Sylvia-Yvonne Kaufmann  est mal à l'aise. Au Parlement européen, la députée allemande se sent un peu seule à défendre le traité de Lisbonne quand ses camarades du groupe GUE (Gauche unitaire européenne) s'élèvent unanimement contre. Un peu seule quand son parti de gauche radicale, Die Linke, déploie son énergie pour contester le traité devant la cour constitutionnelle de Karlsruhe : Sylvia-Yvonne Kaufmann fut l'un des membres de la Convention chargée d'établir un projet de Constitution européenne (2002-2003), qu'elle a contribué à rédiger. Jusqu'ici, elle s'en est arrangée. Assez souple pour conjuguer sa fidélité au parti et sa passion européenne.

Cette fois, Mme Kaufmann est carrément navrée. Le programme électoral de Die Linke pour les élections européennes, qui doit être voté en congrès à Essen ce week-end, est, selon ses termes, d'un "antieuropéanisme désolant". A lire la plate-forme soumise au congrès, l'Union européenne est responsable des guerres, de la dégradation de l'environnement, des problèmes sociaux, de la crise bancaire, de tout. "C'est bien de critiquer, mais la gauche se fourvoie à tout mettre sur le dos de l'Europe", note-t-elle avec ses yeux bleu délavé.

Bizarrement, Sylvia-Yvonne Kaufmann ne figure pas sur la liste provisoire des seize candidats de Die Linke aux élections européennes. Tout aussi bizarrement, son collègue André Brie, comme elle eurodéputé depuis dix ans, modérément opposé au traité de Lisbonne, mais farouchement favorable à une forte intégration européenne, est lui aussi écarté de la liste. Sur les sept élus actuels de Die Linke au Parlement européen, deux ne se représentent pas, quatre ont disparu, et une seule, Gabi Zimmer, est reconduite.
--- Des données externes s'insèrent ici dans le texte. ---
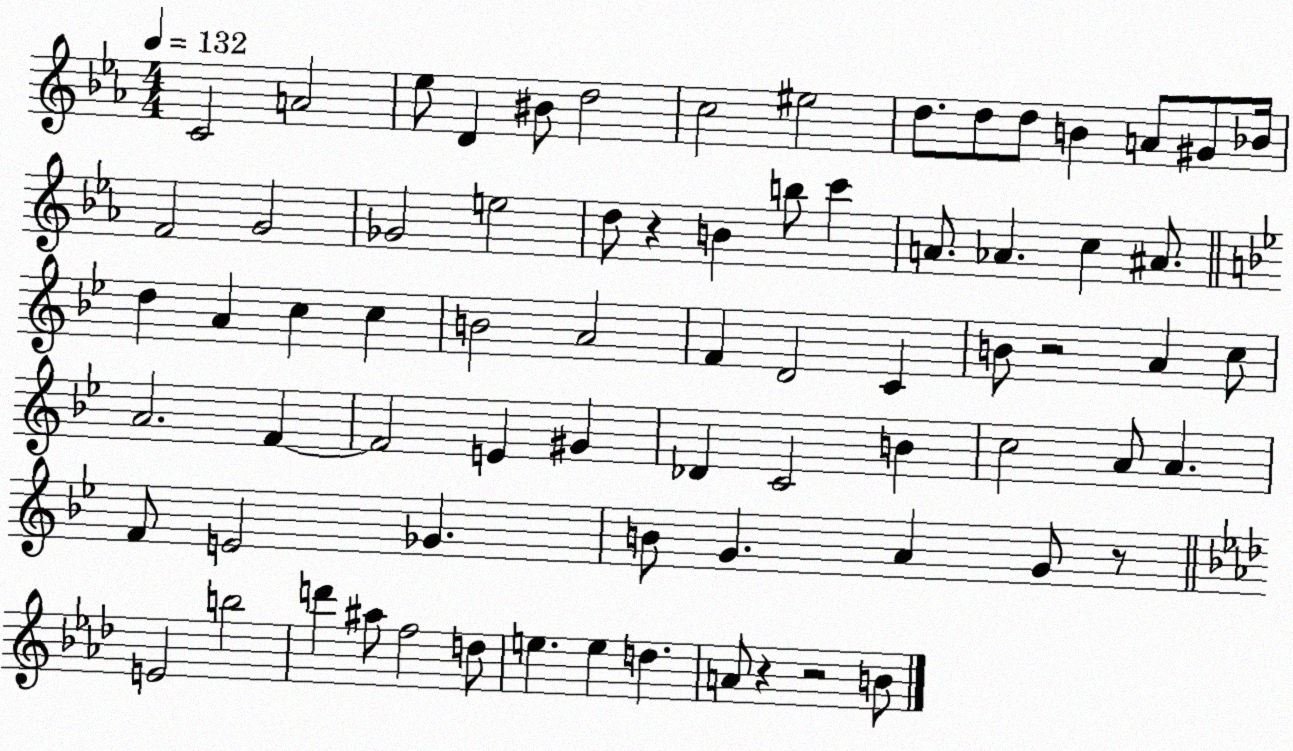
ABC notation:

X:1
T:Untitled
M:4/4
L:1/4
K:Eb
C2 A2 _e/2 D ^B/2 d2 c2 ^e2 d/2 d/2 d/2 B A/2 ^G/2 _B/4 F2 G2 _G2 e2 d/2 z B b/2 c' A/2 _A c ^A/2 d A c c B2 A2 F D2 C B/2 z2 A c/2 A2 F F2 E ^G _D C2 B c2 A/2 A F/2 E2 _G B/2 G A G/2 z/2 E2 b2 d' ^a/2 f2 d/2 e e d A/2 z z2 B/2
Au parti, on assure que les choix ont été faits en fonction de la pure répartition territoriale. Rien à voir avec la politique. Mme Kaufmann note juste qu'elle a donné de la voix pour le traité de Lisbonne. Quant à M. Brie, il n'a pas l'habitude de mâcher ses mots, quitte à contrarier, lui aussi, la ligne du parti.
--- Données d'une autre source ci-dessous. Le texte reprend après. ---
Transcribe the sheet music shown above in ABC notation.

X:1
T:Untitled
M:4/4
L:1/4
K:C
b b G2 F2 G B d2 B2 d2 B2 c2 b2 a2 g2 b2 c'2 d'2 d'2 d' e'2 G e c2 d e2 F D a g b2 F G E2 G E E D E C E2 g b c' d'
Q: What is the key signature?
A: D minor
Les proscrits de Die Linke n'ont pas rendu les armes. La liste de la direction du parti doit être validée au congrès. Mme Kaufmann, comme M. Brie ont proposé des amendements au programme. "Le problème est que quelques amendements ne changeront pas grand-chose, c'est la tonalité entière qu'il faudrait corriger", dit-elle.

Sylvia-Yvonne Kaufmann, comme André Brie, vient de l'est de l'Allemagne. Comme lui, à la chute du Mur, elle a participé à la transformation du SED, le Parti communiste au pouvoir en Allemagne de l'Est, où elle militait depuis ses 21 ans, en Parti socialiste démocratique (PDS). Puis à la formation de Die Linke, née en 2007 de la fusion du PDS et des déçus antilibéraux du Parti social-démocrate (SPD), et qui a le vent en poupe. Ce n'est pas un programme "désolant" sur l'Europe qui la fera partir. "Que voulez-vous ? Ce parti, c'est ma vie."